Es el tinto por excelencia para acompañar empanadas argentinas y cortes de carne. Desde el tradicional asado argentino o el BBQ americano, hasta platos como pastas, pizzas, hamburguesas, carnes braseadas, cordero y quesos maduros, el Malbec demuestra una gran versatilidad que también explica parte de su éxito.

Más que una variedad tinta, el Malbec representa hoy una de las historias más exitosas del vino moderno: la de una cepa francesa que encontró en Argentina un nuevo hogar, una identidad propia y una proyección internacional extraordinaria.
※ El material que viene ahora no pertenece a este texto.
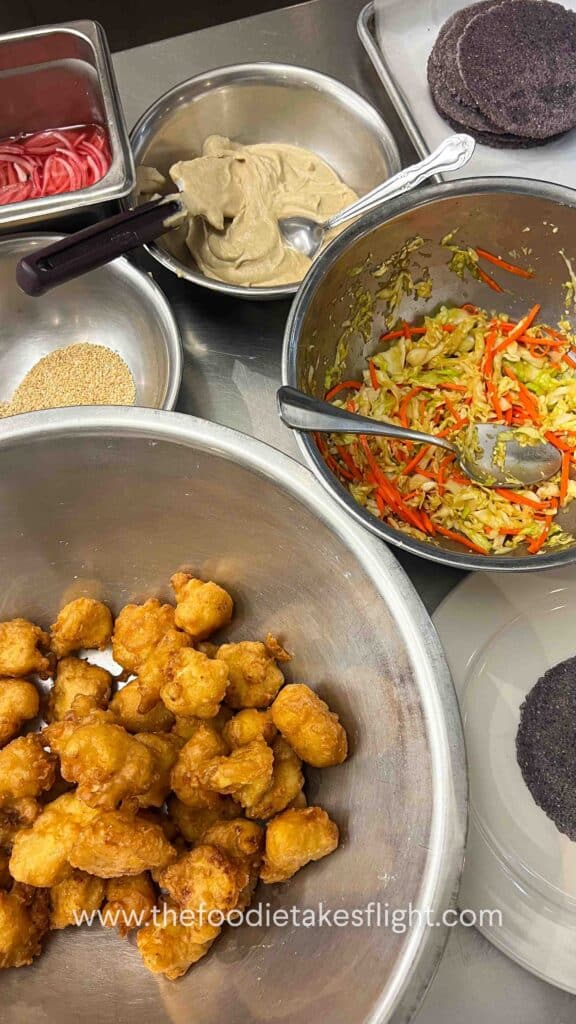 crispy fried cauliflower with cabbage slaw, cashew cream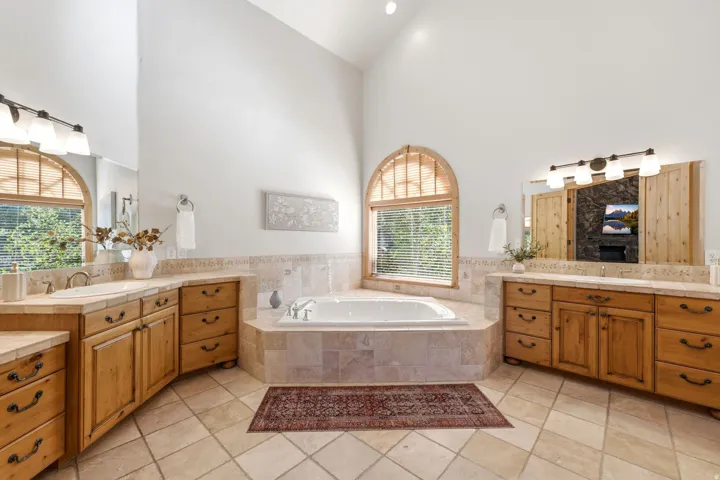 Spacious bathroom featuring a corner soaking tub, arched window with wood blinds, double vanity with wood cabinetry, tile flooring, and vaulted ceiling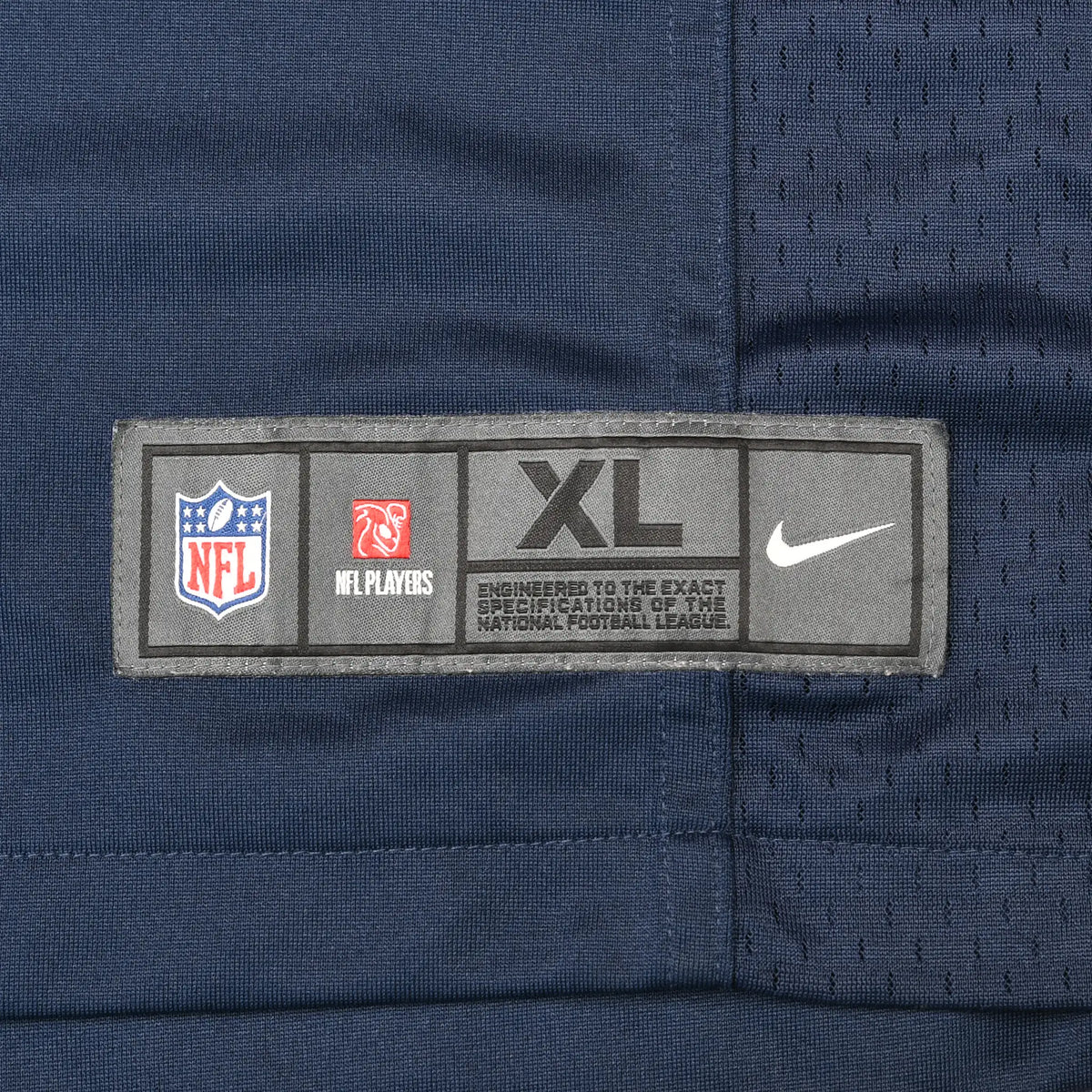 Nike NFL jersey hem label marked XL on navy fabric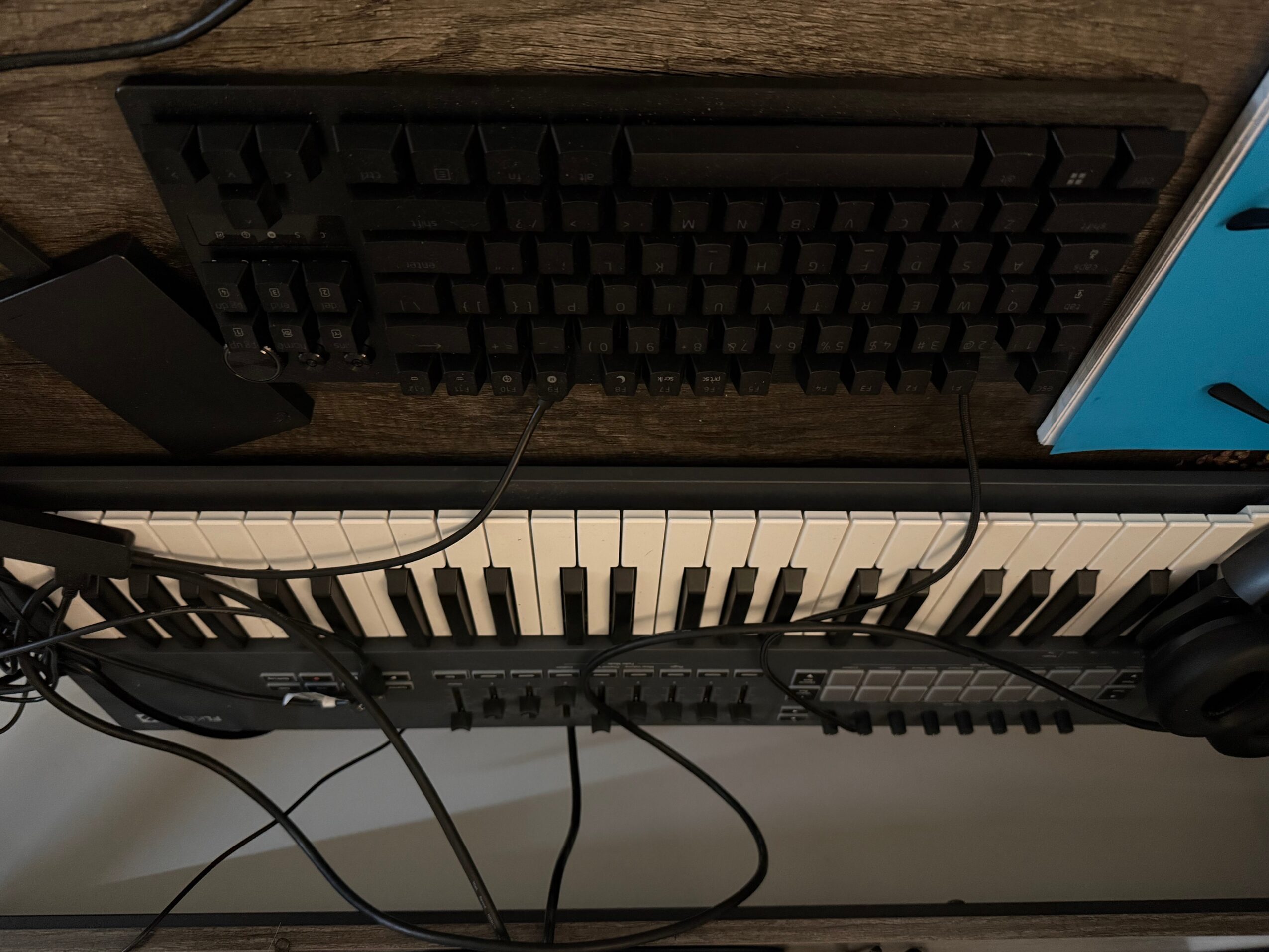 View of a keyboard, mouse, and audio equipment on a desk, with cables connected, seen from above.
Este 17 de abril es también una invitación para descubrir por qué sigue conquistando paladares alrededor del mundo.

‘Your Malbec, your call’

Ese es el lema de la campaña 2026 de Wines of Argentina, que invita a disfrutar del Malbec de forma libre y espontánea, sin reglas ni protocolos.

Cada año, el Malbec World Day se celebra en múltiples ciudades alrededor del mundo con una gran variedad de eventos.

Este año, los asistentes al Wine & Cocktail Fusion Fest que organiza ELLAS y La Prensa, podrán disfrutar una gran variedad de vinos de Argentina, entre los cuales encontrarán diferentes ejemplares de las bodegas Rutini, Mendel, Kaiken y Bodega Calle.

Encuentra tu favorito y ¡únete a la celebración!.